The NCP will now host a dialogue between BWI and FIFA, with the aim of reaching an agreement between the two parties. In addition addressing the ways in which FIFA can help ensure improved labor standards in future hosting scenarios, the parties will discuss steps the sports governing body can take to pressure the Qatar Government to better protect the rights of workers already there.
Several contingencies will determine whether the ruling will have a meaningful impact on the situation of migrant workers in the Gulf and beyond. The first is whether the upcoming discussions will lead to an agreement essentially in line with BWI’s demands, or if FIFA will once again fail to commit to significant measures. The second revolves around the question of specific leverage points that FIFA may have vis-à-vis Qatar. FIFA will likely continue to argue, as it consistently has, that it cannot influence the situation because hosting rights have already been awarded to Qatar and because it does not control the companies undertaking construction projects there. In reality, FIFA can threaten to initiate proceedings to rescind Qatar’s hosting rights, and can work with its own corporate sponsors on strategies for change.
Moreover, while the ruling to accept BWI’s petition does not carry broader legal force, the decision and ensuing dialogue can serve as important precedents for other OECD states grappling with the supply chain responsibilities of multinational corporations based in their respective jurisdictions. This particular case relates to a Swiss-based sporting entity's business relationship with a Gulf government, but it would not be difficult to argue that the same thinking should apply to Swiss-based construction firms that operate internationally, and eventually to construction firms and other companies based in all OECD member states. If the dialogue does result in a set of meaningful commitments, it could form the basis for broader discussions on these industries’ roles.
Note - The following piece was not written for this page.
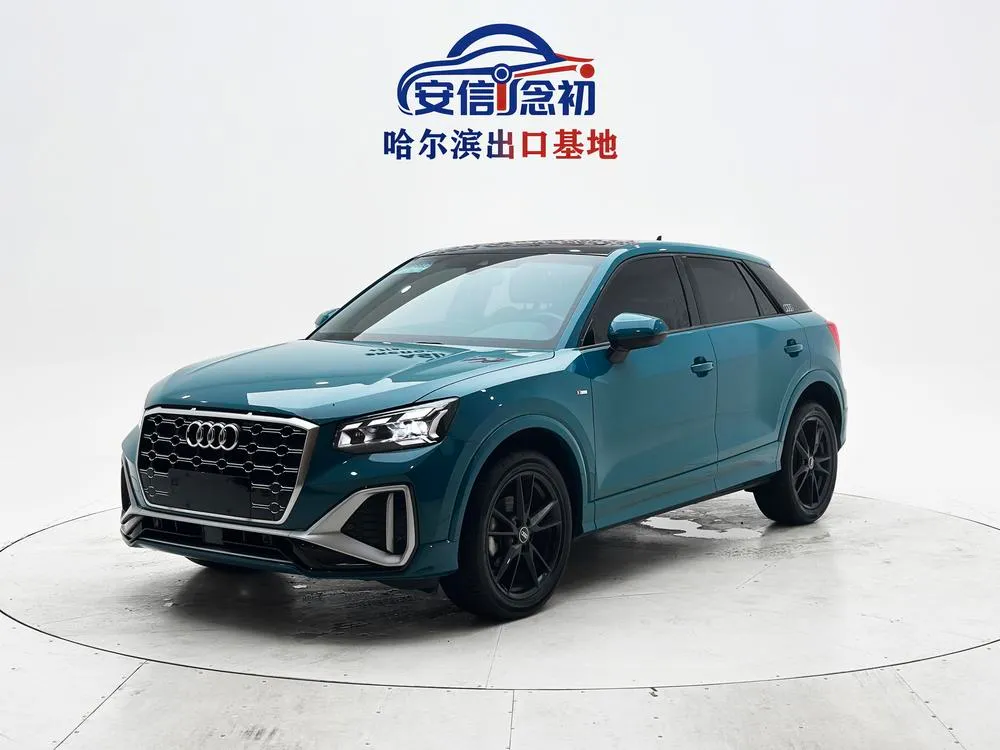 Audi Q2L 35 TFSI Version, 2022 — фото 1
This is not the first time that the Swiss NCP has entered the fray on corporate supply chain responsibility. In 2011, it accepted a complaint by the European Centre for Constitutional and Human Rights (ECCHR) against a Swiss-based company that the ECCHR alleged had purchased cotton produced by child labor in Uzbekistan. The resulting dialogue led to an agreement on steps the company would take to help fight the phenomenon. The ruling reinforced other high-profile civil society campaigns on the issue, and over the past few years the number of child laborers working on cotton in Uzbekistan declined.
Now, the Swiss NCP and BWI have given FIFA officials yet another – and maybe final – opportunity to take meaningful action for the rights of workers in Qatar. Let’s hope they don’t once again pass it up.